> **Work required**
Write out the records word for word, with no pictures.

> **The data**
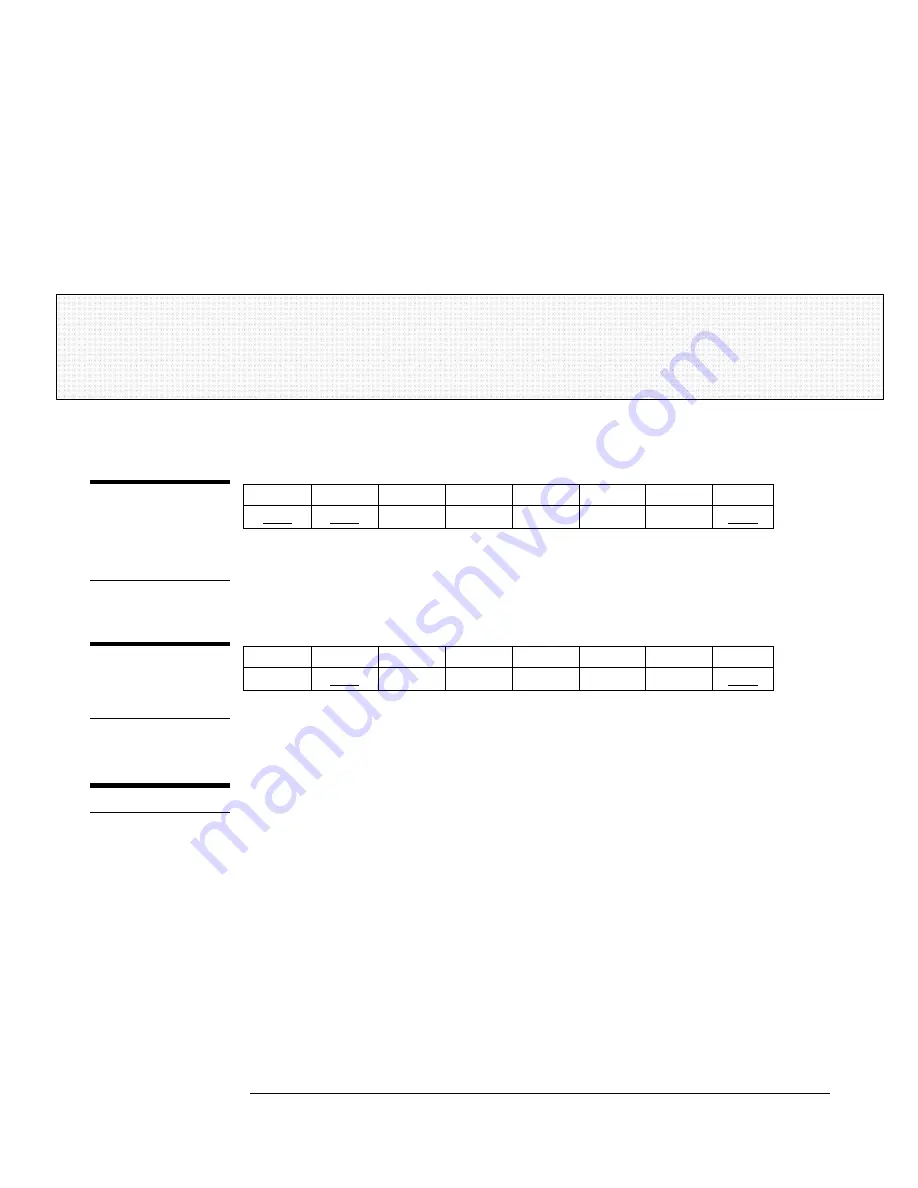 Peripheral Electronics iPod2car Instruction Manual Download Page 8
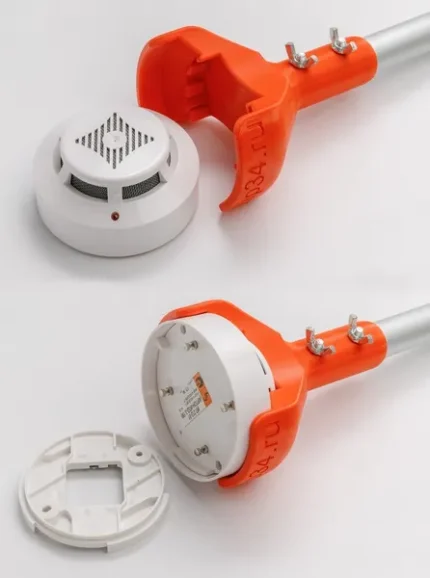 dip34 Съемник для датчиков АРТОН ИП212-01 (ИПД-3.1М)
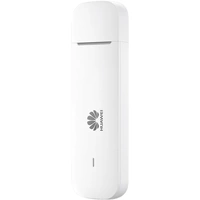 HUAWEI E3372h-320 LTE White 4G-Surfstick 150 MBit/s Weiß HUAWEI E3372h-320 LTE White 4G-Surfstick 150 MBit/s Weiß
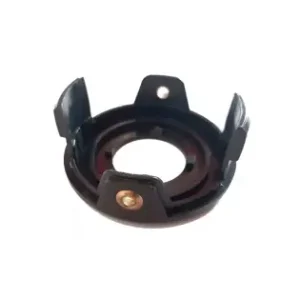 Capac rola cu fir trimmer electric Hyundai GT2501 E Preț mic
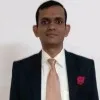 Vaibhav Govindrao Fatke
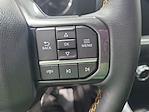 2023 Ford F-150 SuperCrew Cab 4WD Pickup for sale #DP9058 - photo 42
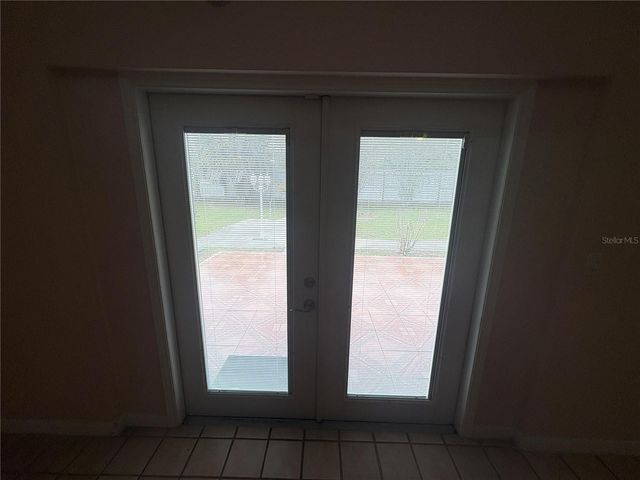 3420 YALE CIRCLE, Riverview, FL 33578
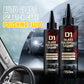 ✨Auto Glass Scratch Care Polishing Fluid - ripefri, krystallklar utsikt! 🚗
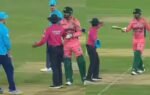 haris rauf fined for heated exchange with will jacks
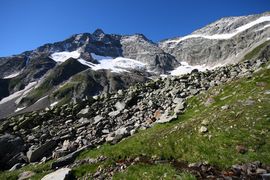 Hocharn 19.08.2008 0178.jpg
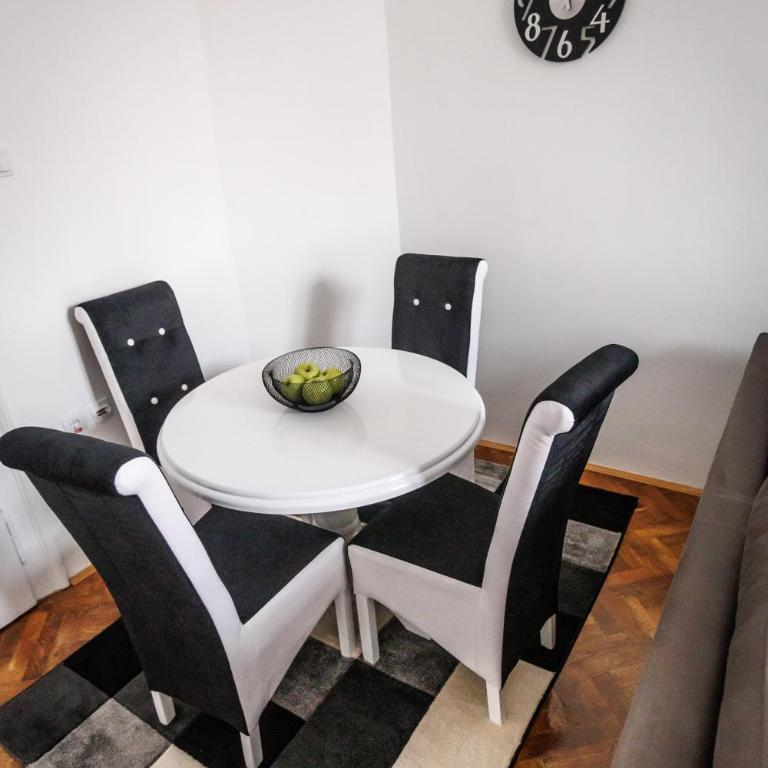 Apartman DRAGIN SAN - One-Bedroom Apartment - 9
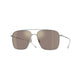 SILVER   50365D / 56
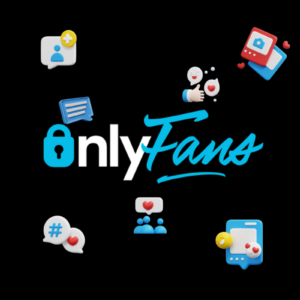 Onlyfans Custom Comments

> **Problem solution**
 Peripheral Electronics iPod2car Instruction Manual Download Page 8
 dip34 Съемник для датчиков АРТОН ИП212-01 (ИПД-3.1М)
 HUAWEI E3372h-320 LTE White 4G-Surfstick 150 MBit/s Weiß HUAWEI E3372h-320 LTE White 4G-Surfstick 150 MBit/s Weiß
 Capac rola cu fir trimmer electric Hyundai GT2501 E Preț mic
 Vaibhav Govindrao Fatke
 2023 Ford F-150 SuperCrew Cab 4WD Pickup for sale #DP9058 - photo 42
 3420 YALE CIRCLE, Riverview, FL 33578
 ✨Auto Glass Scratch Care Polishing Fluid - ripefri, krystallklar utsikt! 🚗
 haris rauf fined for heated exchange with will jacks
 Hocharn 19.08.2008 0178.jpg
 Apartman DRAGIN SAN - One-Bedroom Apartment - 9
 SILVER   50365D / 56
 Onlyfans Custom Comments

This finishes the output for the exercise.